*** RECORDS PROVIDED

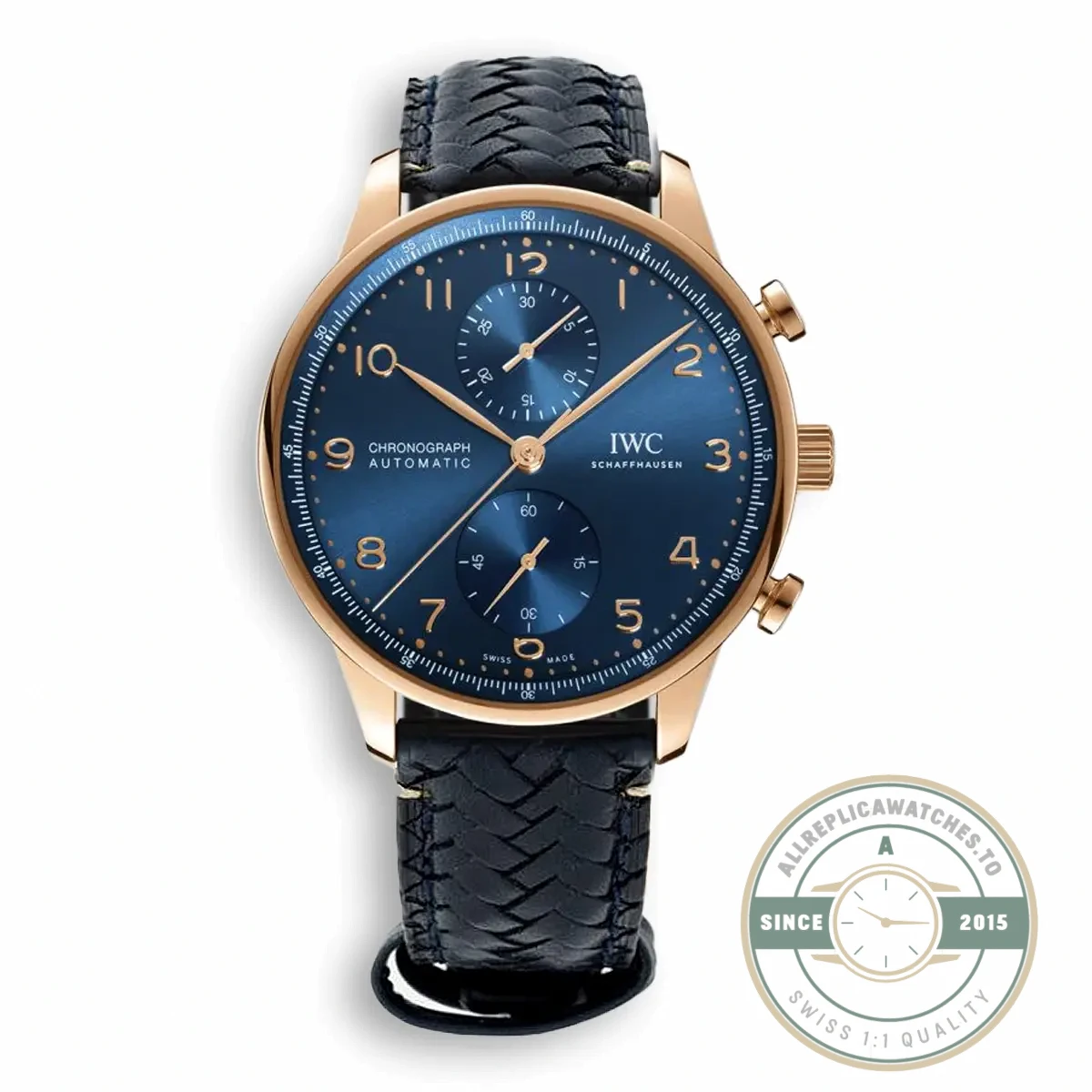 Replica IWC Portugieser Chronograph IW371614 - Budget Luxury Replica Watch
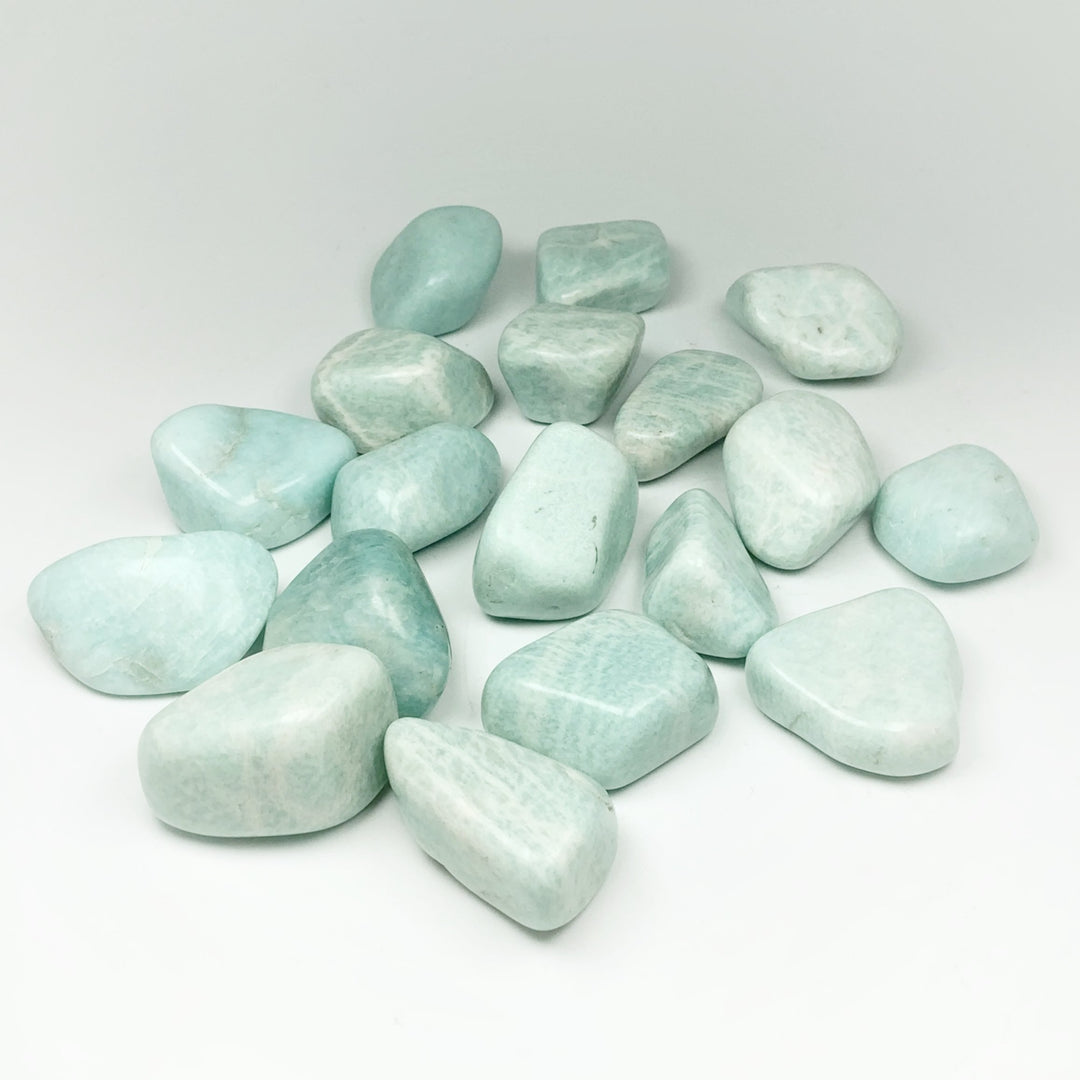 Amazonite Tumble - Rocks and Gems Canada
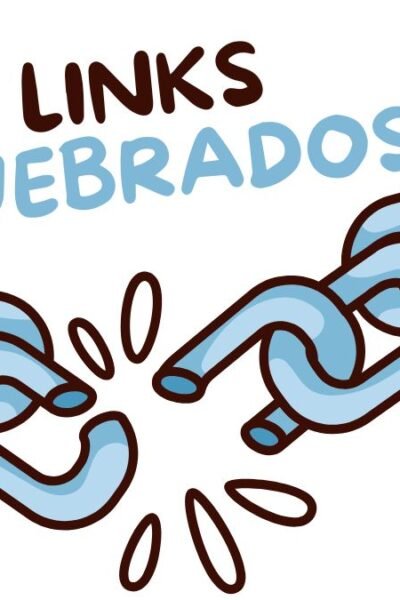 como corrigir links quebrados
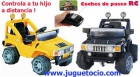 COCHE 4X4 BATERIA PASEAR NIÑOS - bateria 4x4 - mejor precio | unprecio.es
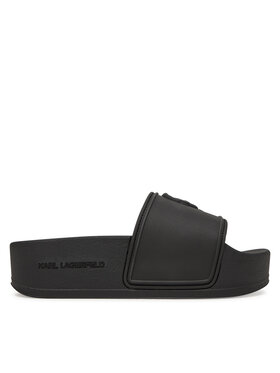 KARL LAGERFELD Шльопанці KARL LAGERFELD Kondo Maxi KL80819M Чорний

******

Reproduce the data exactly as it appears above. Pictures are to be left out.

§ **ANSWER TO THIS PROBLEM**
 Replica IWC Portugieser Chronograph IW371614 - Budget Luxury Replica Watch
 Amazonite Tumble - Rocks and Gems Canada
 como corrigir links quebrados
 COCHE 4X4 BATERIA PASEAR NIÑOS - bateria 4x4 - mejor precio | unprecio.es
 KARL LAGERFELD Шльопанці KARL LAGERFELD Kondo Maxi KL80819M Чорний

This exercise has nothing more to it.